Revue de l’Institut Napoléon

Numéro 207 (2013-2)

Editorial

Dans moins de 500 jours se dérouleront les manifestations commémorant la bataille de Waterloo. Aujourd’hui, lieu de tourisme très fréquenté, le champ de bataille accueille un public venu du monde entier, d’où l’idée qu’a eu la région de Wallonie de le développer, il y a plus de dix ans, pour doubler le nombre de visiteurs et atteindre le chiffre de 500 000 par an. Les travaux sont en cours autour de la Butte du Lion, devenu le symbole de la bataille. Un nouveau « centre du visiteur », enterré, permettra de comprendre comment la bataille s’est déroulée tout en visualisant le terrain tel qu’il était en 1815. Mais ce mémorial pourra-t-il être aménagé à temps ? Ce n’est pas certain. En 2003, le gouvernement wallon au sein duquel Serge Kubla, échevin de Waterloo, occupait le poste de ministre du Tourisme, avait désigné un comité d’accompagnement international chargé d’élaborer un projet de parcours et de veiller à la qualité historique du contenu proposé. S’est alors imposée l’idée de replacer la bataille de Waterloo dans le contexte des guerres des années 1792-1815 et de mesurer leurs conséquences sur l’histoire de l’Europe au XIXe siècle. La région entendait valoriser l’intégration à une histoire européenne d’un champ de bataille situé à quelques kilomètres de Bruxelles. En 2006, la société Tempora était choisie pour élaborer la scénographie du mémorial. Elle s’était adjoint les services de Franco Dragone, célèbre artiste et metteur en scène de grands spectacles, pour la réalisation d’un film en trois dimensions devant faire revivre, en sept stations, les différents moments de l’affrontement. Mais en juin 2013, Dragonne se retire du projet. Deux mois plus tard, en août 2013, coup de théâtre. A la suite d’un nouvel appel d’offre lancé par la région wallonne quelques mois plus tôt, c’est un autre opérateur qui est choisi pour développer la scénographie au sein du Mémorial, en fait un consortium de sept sociétés regroupées sous le label « La Belle Alliance ». L’affaire n’est cependant pas terminée puisque Tempora a fait appel devant le Conseil d’Etat qui vient de suspendre la décision du gouvernement. On ne sait donc toujours pas qui aura en charge la scénographie du mémorial.

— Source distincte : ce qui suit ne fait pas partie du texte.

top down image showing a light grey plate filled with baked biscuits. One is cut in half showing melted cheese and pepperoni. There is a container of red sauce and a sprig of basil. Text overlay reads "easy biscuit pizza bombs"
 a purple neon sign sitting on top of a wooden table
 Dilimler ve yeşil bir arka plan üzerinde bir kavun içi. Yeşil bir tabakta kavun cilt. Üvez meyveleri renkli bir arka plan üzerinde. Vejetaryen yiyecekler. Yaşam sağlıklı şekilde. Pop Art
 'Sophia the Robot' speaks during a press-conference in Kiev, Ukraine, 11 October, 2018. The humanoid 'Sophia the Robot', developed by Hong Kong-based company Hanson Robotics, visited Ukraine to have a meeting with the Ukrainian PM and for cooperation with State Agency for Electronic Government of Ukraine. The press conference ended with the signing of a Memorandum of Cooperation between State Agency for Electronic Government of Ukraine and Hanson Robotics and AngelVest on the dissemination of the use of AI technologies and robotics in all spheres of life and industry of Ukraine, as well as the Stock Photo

Pendant ce temps, les Anglais ne sont pas inactifs. En 2004, l’Intercommunale de Waterloo, réunissant les communes concernées par la bataille, avait racheté la ferme d’Hougoumont, dernier vestige encore sur pied des édifices qui se trouvaient sur le champ de bataille en 1815. L’Intercommunale a sollicité des fonds pour la restauration du lieu. Le gouvernement anglais s’est alors engagé à verser 1 million d’euros, dont 600 000 serviront à la restauration de la ferme, ce qui représente à peine 10 % du coût total des travaux. Mais en échange, il a obtenu de pouvoir réaliser dans la ferme un mémorial en l’honneur de l’armée anglaise, financé par les 400 000 euros restants. Le lobbying très actif des Anglais a suffi à convaincre l’Intercommunale de leur accorder ce privilège, première entorse à la mise en œuvre d’un projet international à Waterloo. Le projet initial envisageait en effet d’intégrer la ferme dans un parcours global du site.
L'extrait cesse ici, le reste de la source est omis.